Endotoxin (LAL) TestingPer ANSI/AAMI ST72:2011/R2016, USP (2017) and USP (2017); ≤0.2 EU/devicePerformed. Confirmed modified device meets functional and performance requirements.
Cytotoxicity TestingPer ISO 10993-5:2009 and FDA GLP regulations (21 CFR 58)Performed. Confirmed modified device meets functional and performance requirements.
MR Safety Testing (Magnetic Field Interactions)Translational attraction/deflection angle per ASTM F2052-15; Torque per ASTM F2213-06 (R2011)Performed. Confirmed modified device meets functional and performance requirements.
MR Safety Testing (MRI-related heating)Per ASTM F2182-11aPerformed. Confirmed modified device meets functional and performance requirements.
MR Safety Testing (Image Artifacts)Per ASTM F2119-07 (R2013)Performed. Confirmed modified device meets functional and performance requirements.
Manufacturing Inspection Criteria100% inspection for dimensions, burrs/cracks, sharp edge, shadow graph visual, actual back focal length in airPerforming. (Implied to be met, "Same" as predicate means the criterion is applied)

2. Sample size used for the test set and the data provenance

  • Test Set Sample Size: The document does not specify a "test set" in the context of a clinical study for establishing performance metrics. The testing performed is non-clinical, verification and validation testing of the device's physical and material properties, and manufacturing process. Therefore, sample sizes would be per the requirements of the specific engineering and material tests (e.g., number of devices tested for assembly force, number of samples for chemical analysis, etc.), which are not detailed here.
  • Data Provenance: Not applicable in the context of clinical patient data, as no clinical studies were performed. The non-clinical testing data would originate from the manufacturing and testing facilities of MEEI and its subcontractors (e.g., Tecomet, Inc.).

3. Number of experts used to establish the ground truth for the test set and the qualifications of those experts

  • Not applicable. No ground truth in the clinical diagnosis sense was established, as no clinical studies were conducted for this 510(k) submission. Non-clinical tests rely on established scientific methods and standards.

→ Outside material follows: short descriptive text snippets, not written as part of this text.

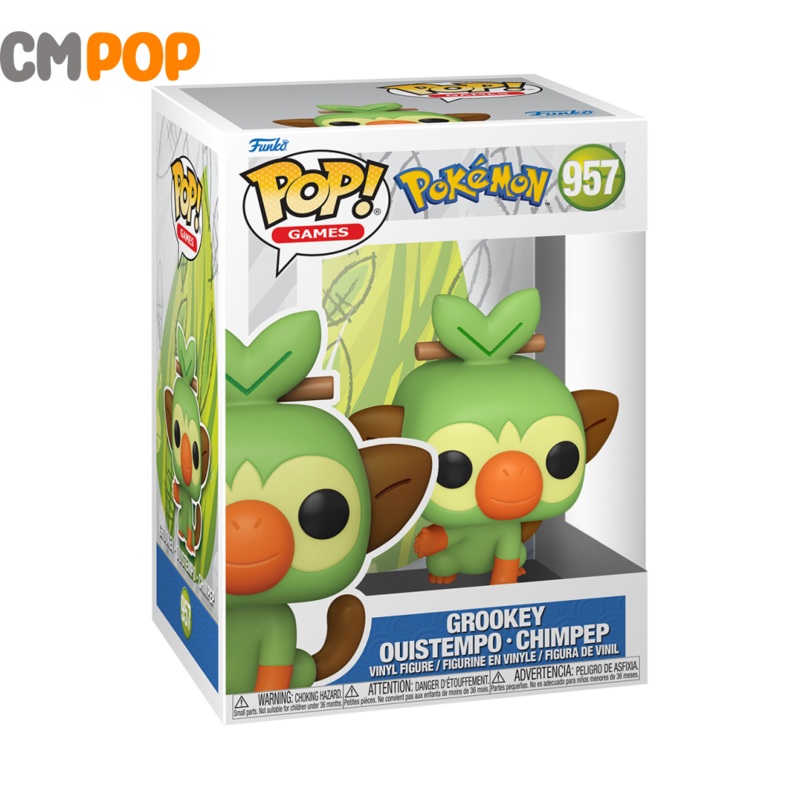 Grookey  - #957 - Funko Pop! - Pokemon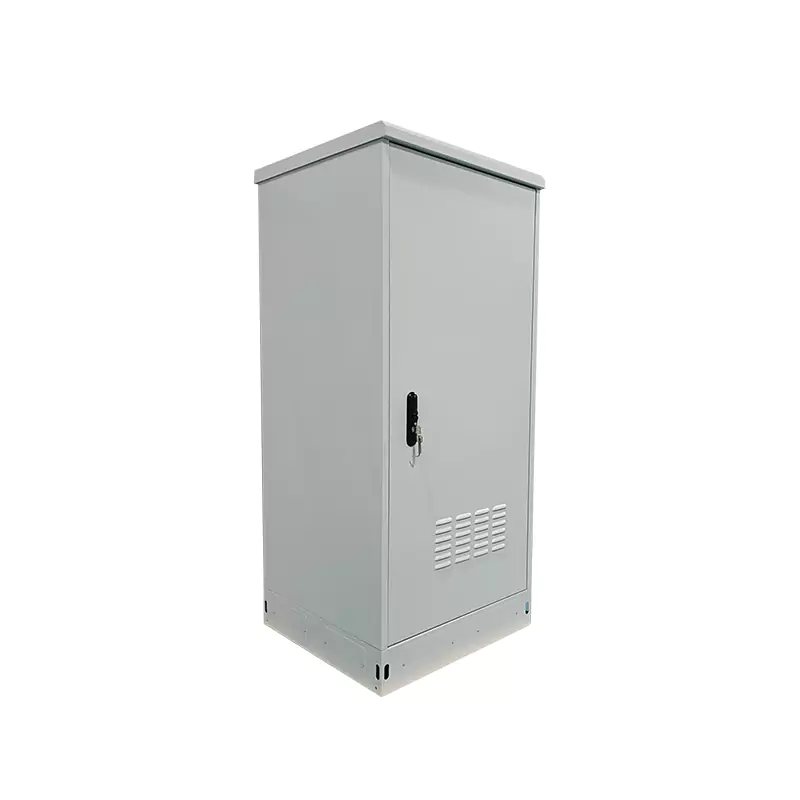 32U outdoor floor-standing single-compartment cabinet
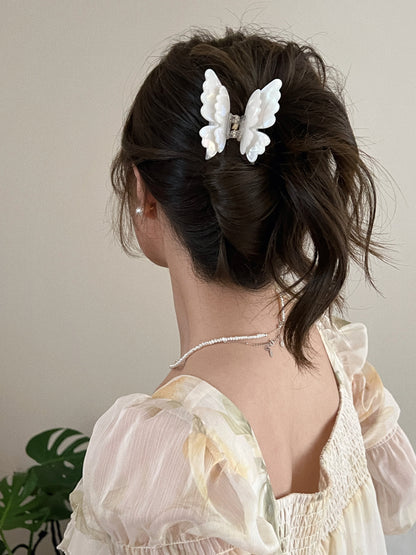 Petite Butterfly Claw Clip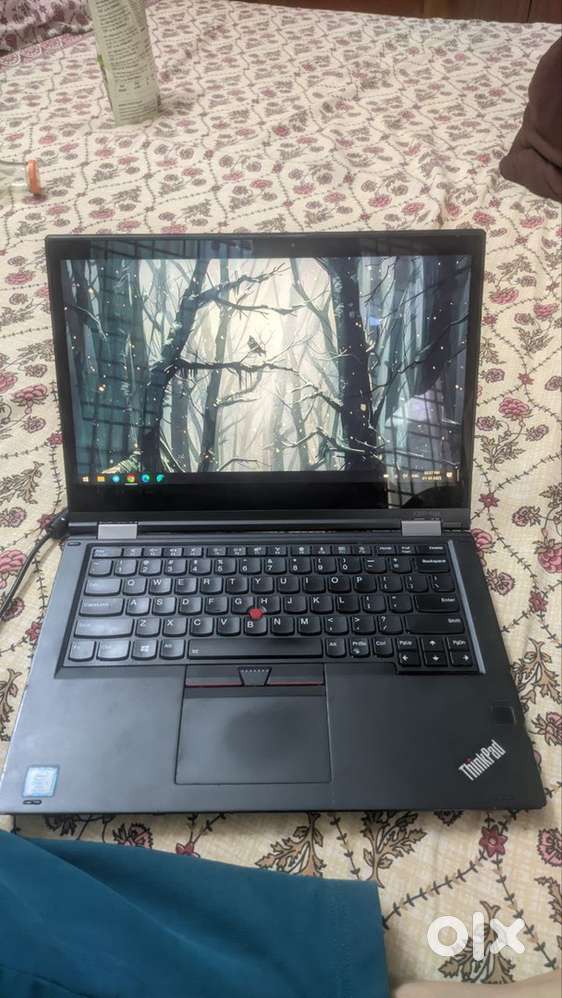 Lenovo yoga x380 convertable 2 in 1 touch screen laptop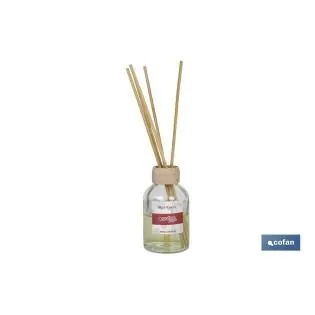 cofan Pack 12 Unidades Ambientador De Varillas 50ml Frutos Rojos
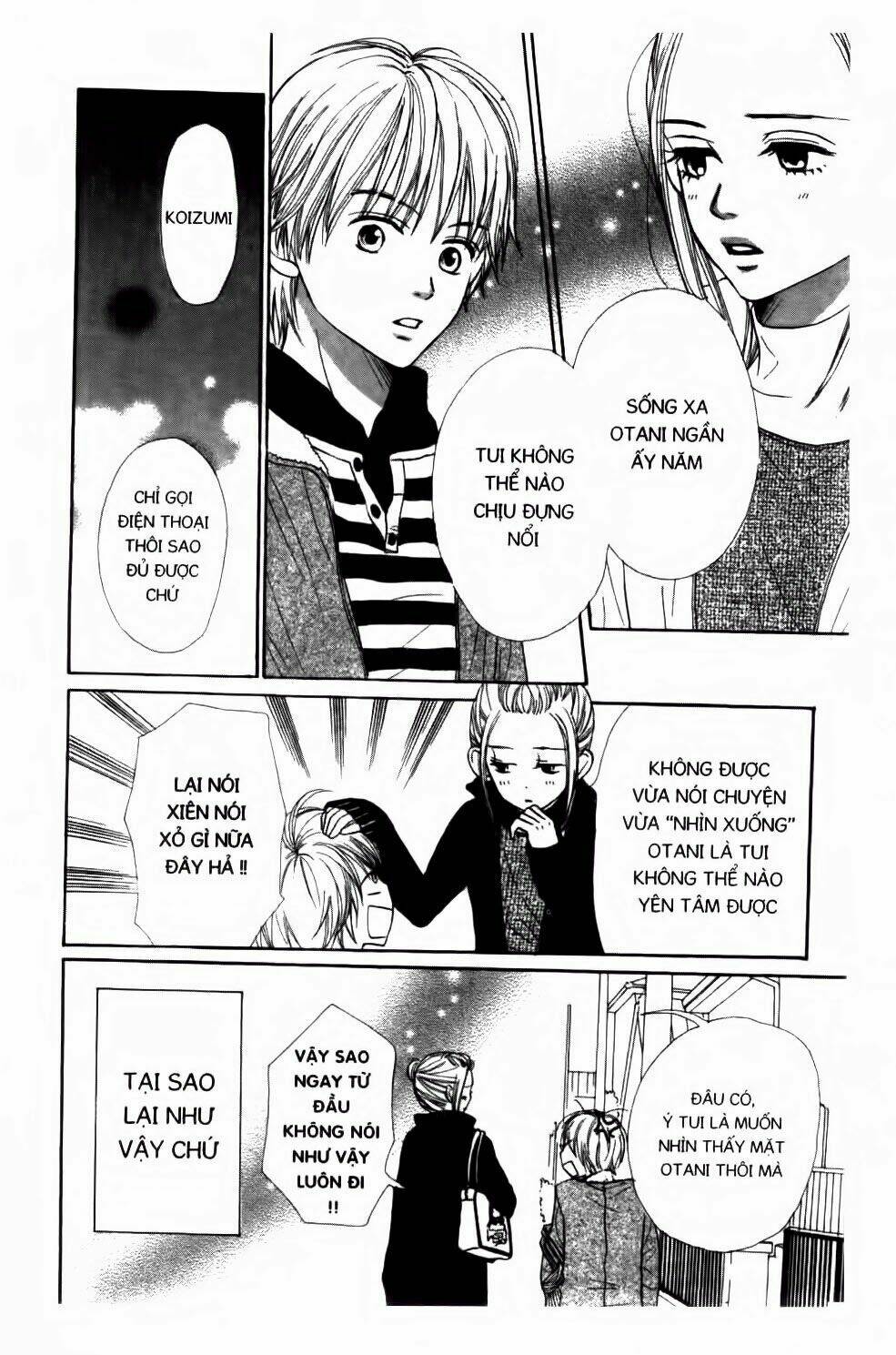 love com - đôi đũa lệch chapter 72 3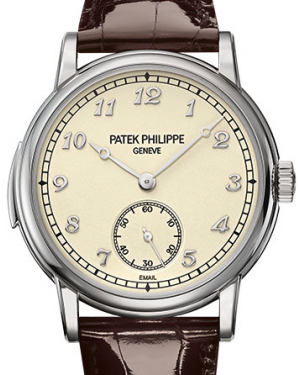 Patek Philippe Grand Complications Minute Repeater White Gold Cream Dial 5078G-001 - BRAND NEW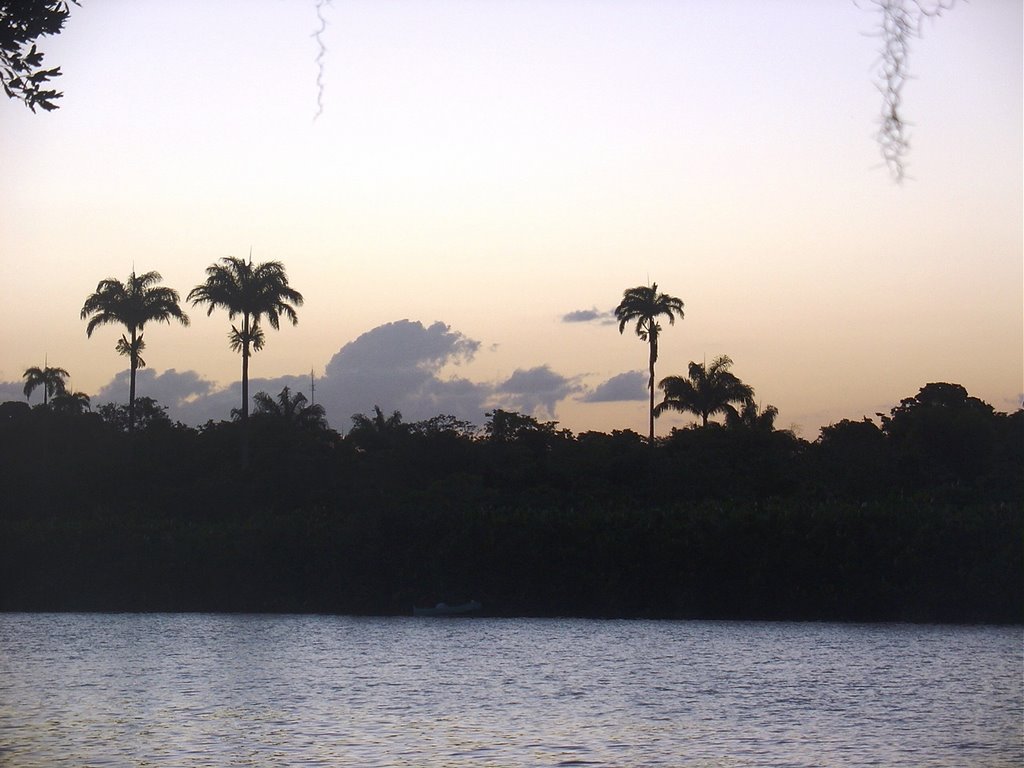 Vista para o rio do Porto Antigo - São Mateus - ES by Kenner Neiva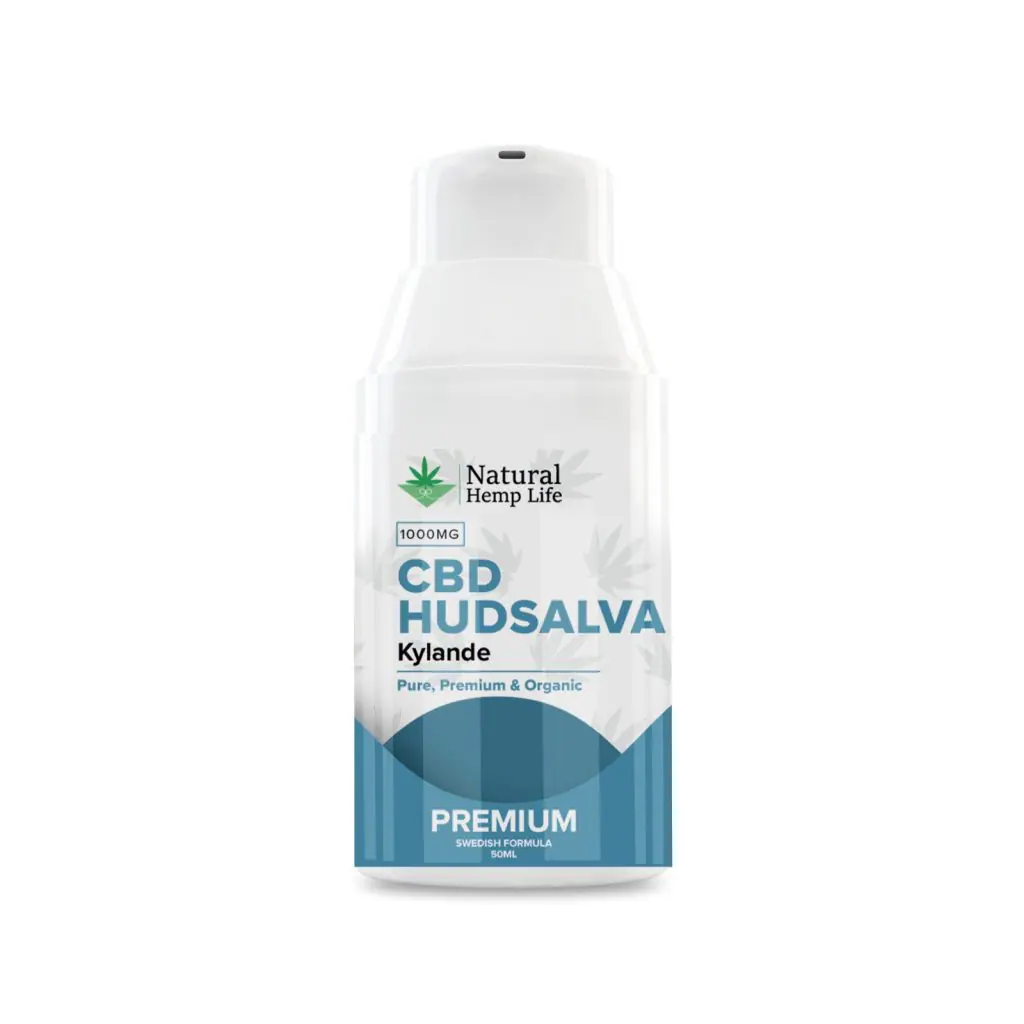 Kjølende CBD hudsalve 1000mg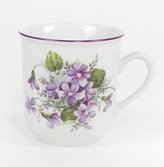 hrnek 160ml DĚTSKÝ-FIALKY 8354, čes.porcelán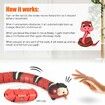 Cat Toys Electronic Smart Sensing Snake Toy for Pet Cat Toy Cat Interactive Toys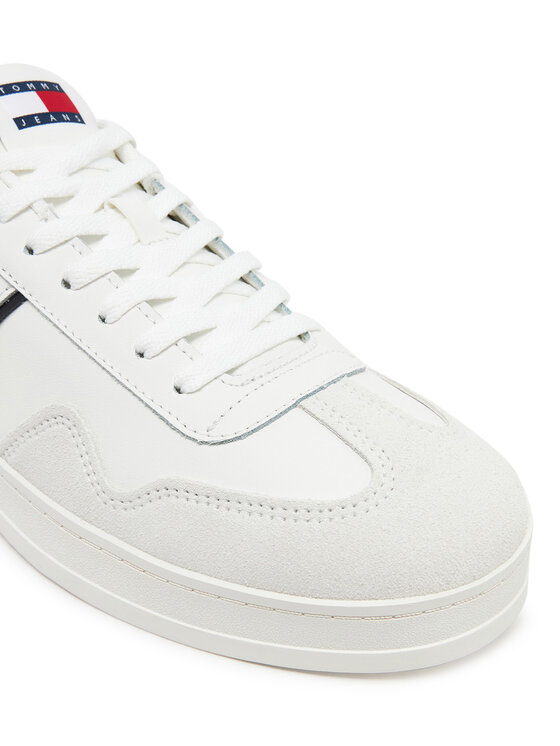 Tommy Jeans Tommy Jeans Sneakersy The Greenwich Leather EM0EM01571 Biały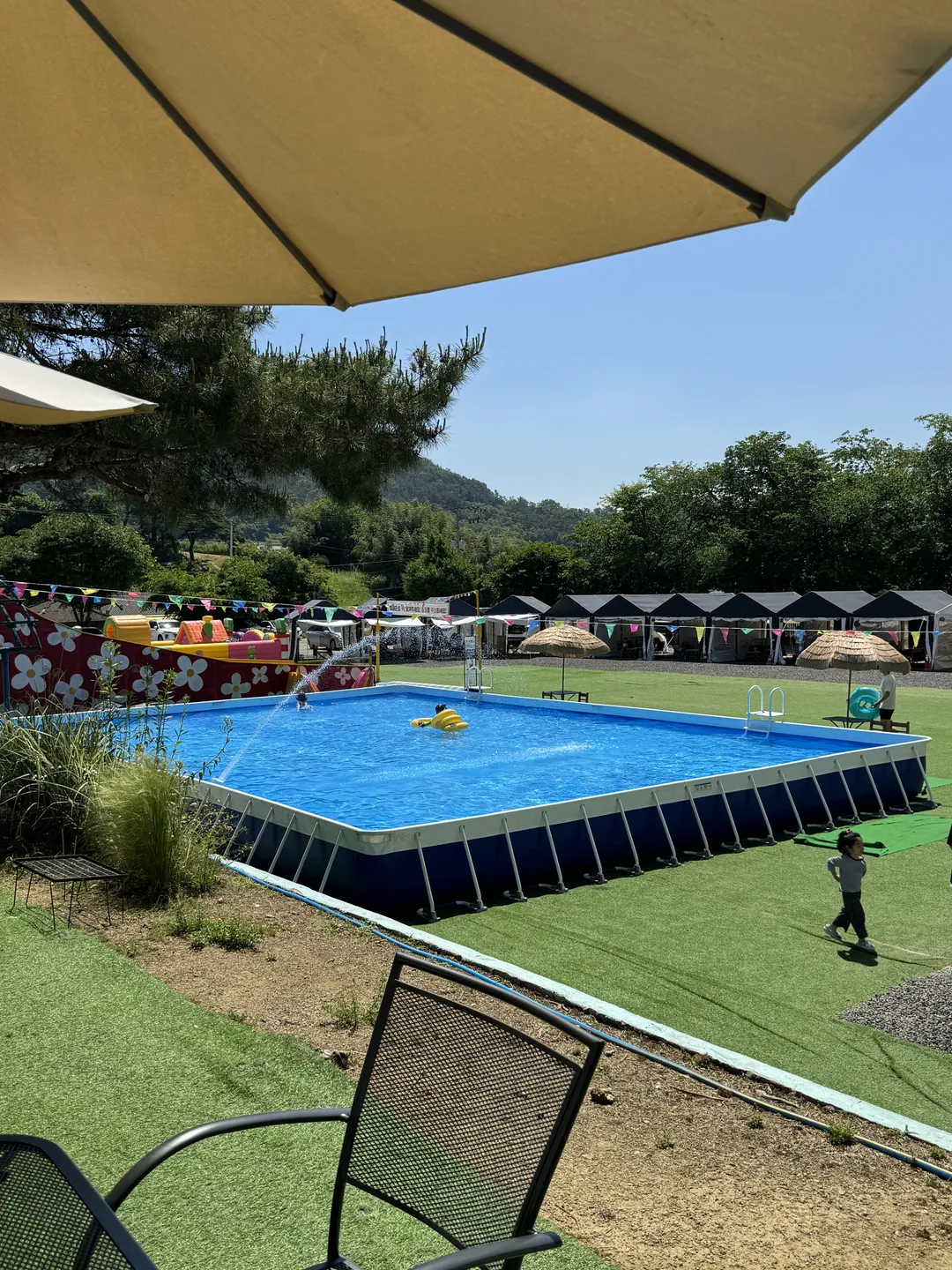 江州市学校キャンプ 写真 11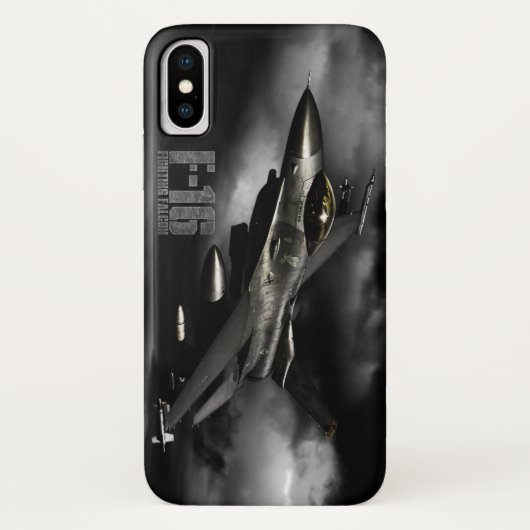 Coques Case-Mate iPhone F-16 Faucon combattant (Dos)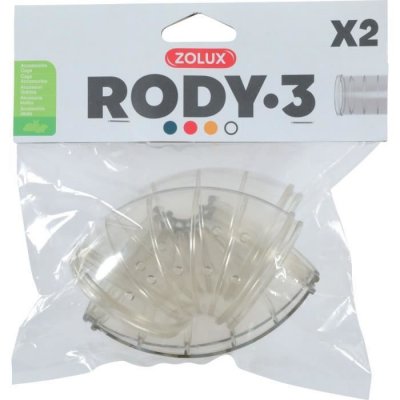 ZOLUX  Tube coud&eacute; pour cage rongeur Rody3 - Roylounge - 2 pi&egrave;ces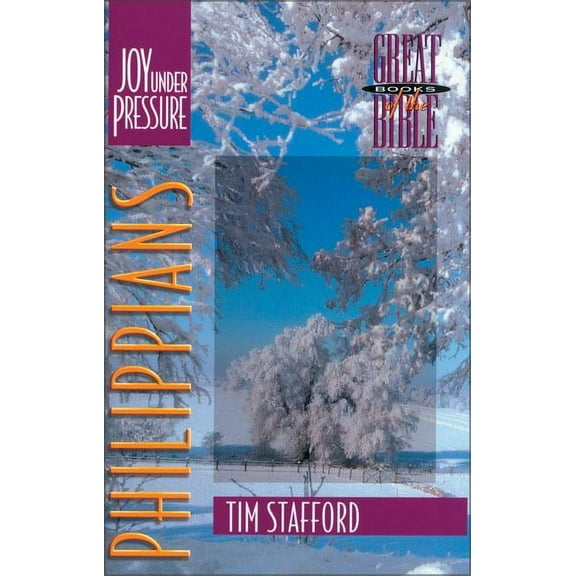 Great Books of the Bible Philippians: Joy Under Pressure, (Paperback)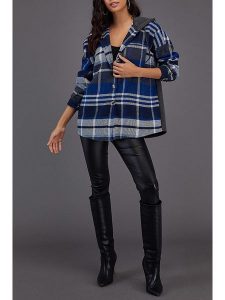 LA Angels Bluza w kolorze antracytowo-niebieskim rozmiar: XL. Czarne bluzy LA Angels, xl, bez wzorów, bez kaptura. Za 105,38 zł.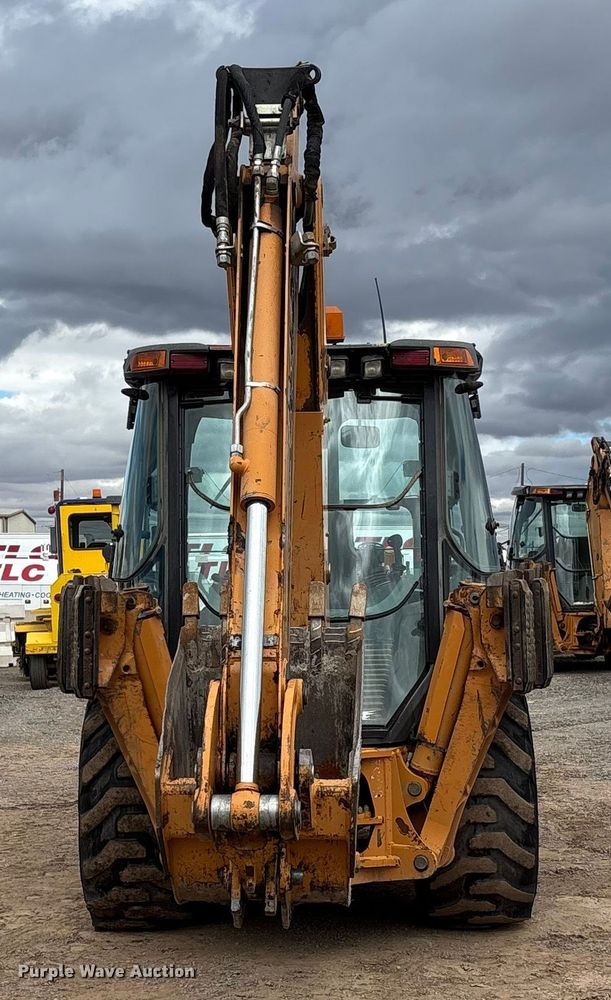 image for item EF6086 2011 Case 580 Super N backhoe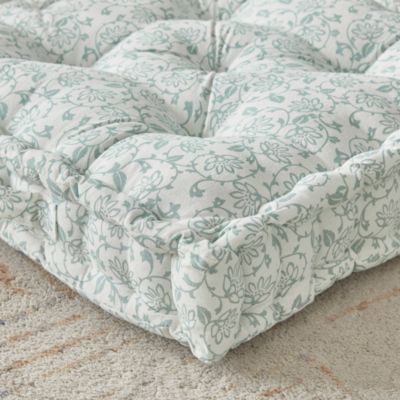 Floral Decorative Floor Cushion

4. Adjudication method (e.g., 2+1, 3+1, none) for the test set

  • Not applicable, as no human-based clinical performance assessment or diagnostic study was performed that would require adjudication.

5. If a multi reader multi case (MRMC) comparative effectiveness study was done, If so, what was the effect size of how much human readers improve with AI vs without AI assistance

  • No MRMC study was done, as this is a physical medical device (corneal implant), not an AI-assisted diagnostic tool.

6. If a standalone (i.e. algorithm only without human-in-the-loop performance) was done

  • Not applicable, as this is a physical medical device.

7. The type of ground truth used (expert consensus, pathology, outcomes data, etc)

  • The "ground truth" for the non-clinical testing is based on predefined engineering specifications, material standards (e.g., ASTM, ISO), and regulatory limits. For example, the ground truth for sterilization efficacy is conformance to ISO 11135, and for material biocompatibility, it's conformance to ISO 10993.

8. The sample size for the training set

  • Not applicable. No training set in the machine learning sense was used. This is a physical device modification submission.

9. How the ground truth for the training set was established

  • Not applicable.

§ 886.3400 Keratoprosthesis.

(a)
Identification. A keratoprosthesis is a device intended to provide a transparent optical pathway through an opacified cornea, either intraoperatively or permanently, in an eye that is not a reasonable candidate for a corneal transplant.(b)
Classification. Class II. The special controls for this device are FDA's:(1) “Use of International Standard ISO 10993 ‘Biological Evaluation of Medical Devices—Part I: Evaluation and Testing,’ ”
(2) “510(k) Sterility Review Guidance of 2/12/90 (K90-1),” and
(3) “Guidance on 510(k) Submissions for Keratoprostheses.”